She recorded a quick selfie video of herself panicking that featured the caption, “pov: my Be Real went off,” before snapping the BeReal photo — which takes a pic from both the front and back of a phone camera — of herself and her family, dressed in all black together in the church pew as they waited for the service to begin.

“She was so greatly loved,” the 19-year-old from Minneapolis told BuzzFeed News. “I was sad to see her go, but I knew she would have wanted her family to be joyous that day.”

Smieja posted her aunt’s funeral BeReal, with her smiling next to her sister and cousin, on TikTok. The post quickly got nearly 100,000 views.

“We were all happy to see family we haven’t seen in so long and we were just goofing around, and I thought it would be a funny way to honor her and that day,” Smieja said.

The BeReal app is having a moment right now, with people now prepared for their daily pic after months of practice. Regular users have gotten into a routine of knowing what they want to post or actively staging the setup — which has morphed into a TikTok challenge of asking strangers to take their photos, unaware the BeReal app will take a pic of them as well. Users either screen-record the process so that they can use the footage for their TikTok account or capture others using the app in the wild. Some will just be waiting for the perfect moment regardless of the allocated two-minute window, happy to post better content later.

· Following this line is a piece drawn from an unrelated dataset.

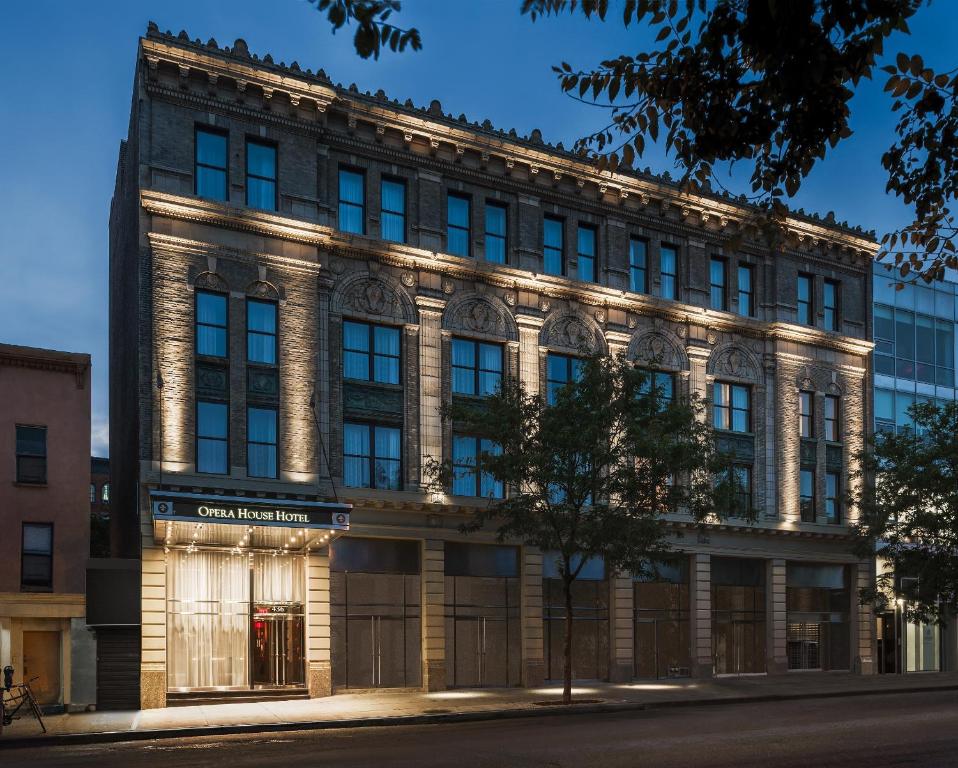 a building with lights on the side of it at Opera House Hotel in Bronx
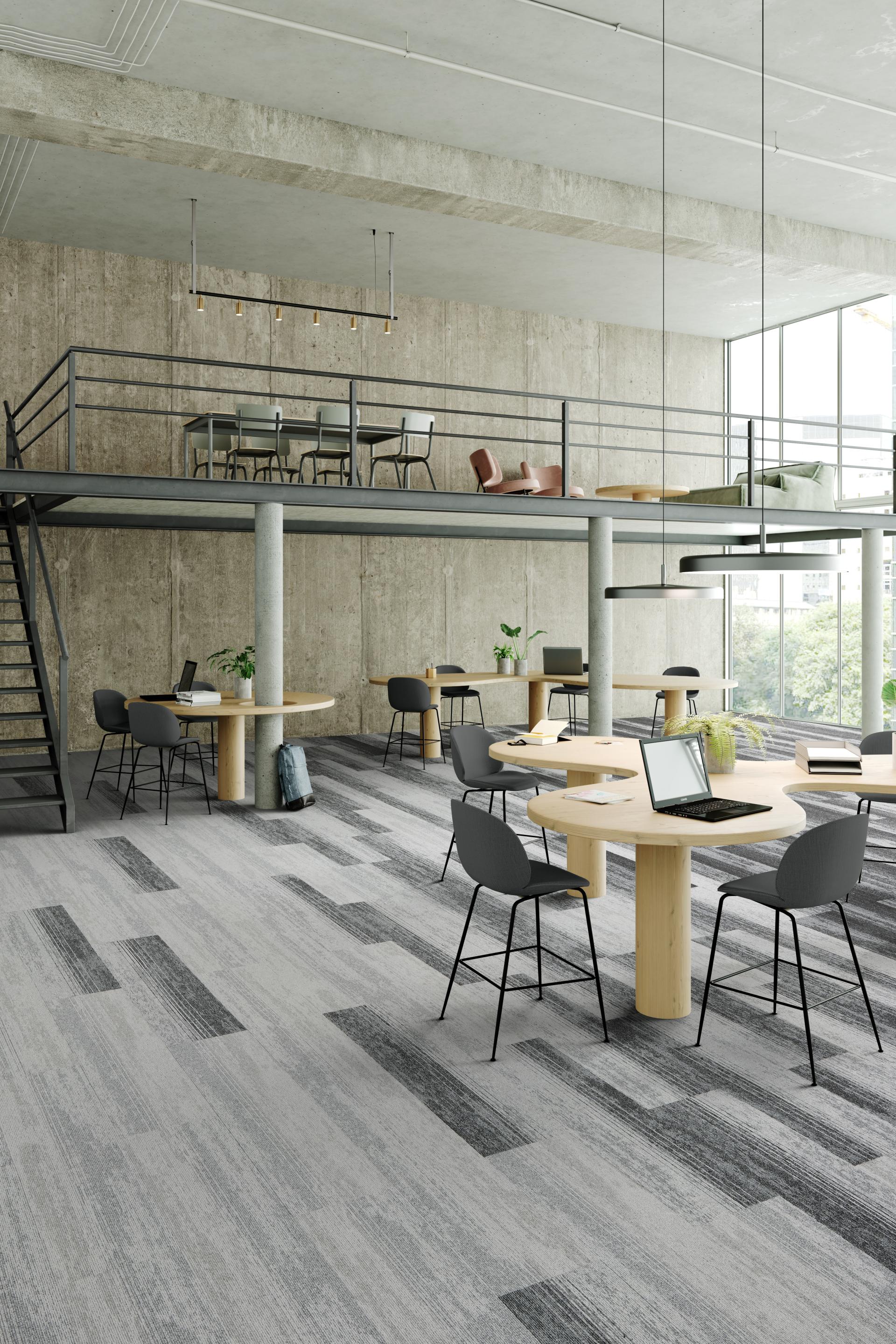 Modern workspace featuring IVC's Rudiments carpet tiles, designed for collaboration with stylish furniture and ample natural light.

The popularity of the app has led to Instagram introducing a filter that copies the “dual photo” aspect of BeReal, but it hasn’t taken off just yet.

“It’s such a fun way of being candid,” Smieja said. She first got BeReal in May and hasn’t missed a single day since downloading it.

The randomness of the timing keeps it spicy. A search for “BeReal funerals” brings up dozens of TikToks, with the one video having 10 million views. Others are posting IUD appointments, toe surgery, and even a car accident. One girl posted a TikTok joking that she had taught her surgeon how to post a BeReal if the notification were to go off during her breast reduction surgery, while another made a meme about her BeReal alert coming through during a breakup conversation.

While content featuring dark humor may seem to be the most likely to go viral, there are lots of people using the app to mark positive life highlights. Azaan Iqbal knew that he wanted to do something special to commemorate his graduation from the University of Manchester with an English and history degree last month.

He’d been thinking about a selfie on the graduation stage, and then while he was awaiting his name being announced onstage, his phone buzzed with the iconic “⚠️It’s Time To BeReal ⚠️” alert.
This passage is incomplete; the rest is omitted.